En medio hay mismo esta el paso de control, a un lado de la carretera los que salen de Venezuela y hacia el otro los que entran.

Este paso fronterizo puede ser el mas complicado de todo Sudamérica, ejercito, controles aduanas, comercio bilateral, trueque continuo, alcabalas ( procedimientos militares o civiles destinados al control de transito,bien sea personas o bienes ), mas patrullas fronterizas con conos fosforescentes, silbatos, gorritas con la bandera de Venezuela, logística de armas y demás, uniformados y pesados, verificando la entrada y salida de todo o nada, también la palabra proveniente del árabe, se refería antiguamente a un impuesto que debía ser cancelado, cosa que aquí aun se mantiene, pagando tu impuesto de salida del país, un acto de presencia para que la gente crea que cuenta con vigilancia de organismos de seguridad, colas odiosas y embotellamientos que en poco o nada contribuyen a la disminución de la delincuencia.

Nos sentamos esperando el paso de alguien que nos acerque hasta maracaibo, de noche se ve que los chicos de aduana están aburridos y no tienen nada que hacer, uno de ellos jovencito y con un flequillo que parecía tintín se acerca a nosotros, mediana estatura y un poco fofo, con mofletes de heidi, nos bombardea a preguntas absurdas, primero conmigo, y después con los demás, se lo esta pasando en grande.

Inmigración - de donde eres

yo - español

inmigración – que te trae por aquí,

yo- paseo

inmigración – ah paseo, vienes de fiesta, te gusta marihuana, ron, buen ron tenemos, no es así compañero.

Yo – la verdad ni fumo ni bebo, solo ando con mujeres.

Inmigración – ah lo juras,

yo – lo juro

inmigración – júralo con la mano en el pecho, la madre se dice.

Inmigración – lo juras, dices la verdad.

Yo – la madre

inmigración – jijiji así español la madre patria, lo juras, la madre, llama a los compañeros y continua las bromas conmigo, mas preguntas y mas lo juras, los compañeros se parten de la risa, un viejo de pelo blanco mas gordo todavía se sienta al lado mío, y empieza con mas tonterías.
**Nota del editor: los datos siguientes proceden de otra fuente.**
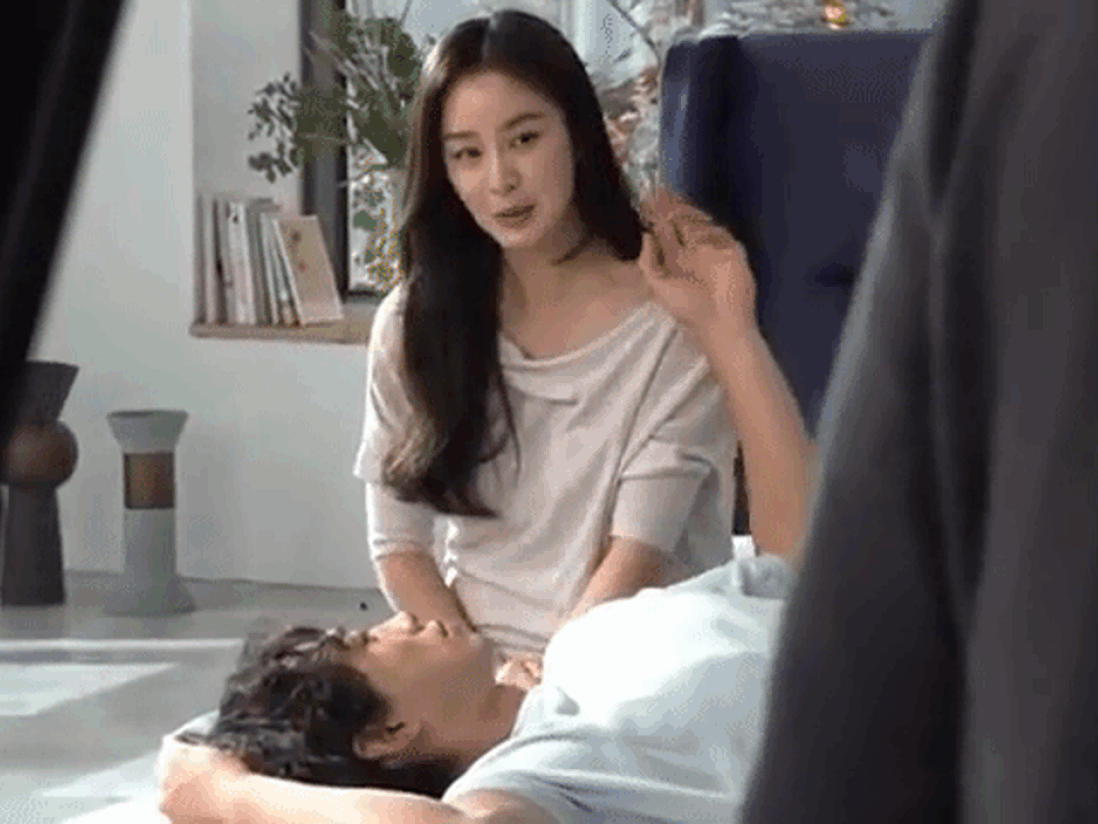 Lần đầu thấy Bi Rain thoải mái đụng chạm Kim Tae Hee, thân mật, tình như ở nhà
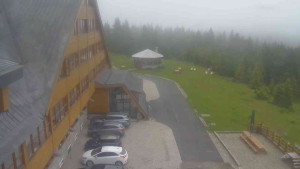 Sporthotel Kurzovní - Parkoviště a hlavní vchod - 17.6.2025 v 08:00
Inmigración – español es así, a donde te diriges

yo – Caracas, señor

inmigración – después regresas a España

yo – no que va me quedare, hermoso país y lindas mujeres, mi papa esta con una venezolana hermosa,

inmigración – tu papa y tu mama

yo – se separaron el llego a Venezuela de turista, y ya sabe se caso con una linda mujer venezolana, lo tienen todo me habla, muy completas, son las mujeres mas hermosas del mundo, me comenta,

inmigración – lo juras

yo – la madre,

siempre con la mano en el pecho.

inmigración – el joven chico de mofletes de heidi que no aguantaba callado, se apunta al circo, sabes español, tenemos un muerto ahí en el cuarto, quieres ver, esta ahí todavía ...

yo – no gracias la verdad no voy a hablar con un muerto....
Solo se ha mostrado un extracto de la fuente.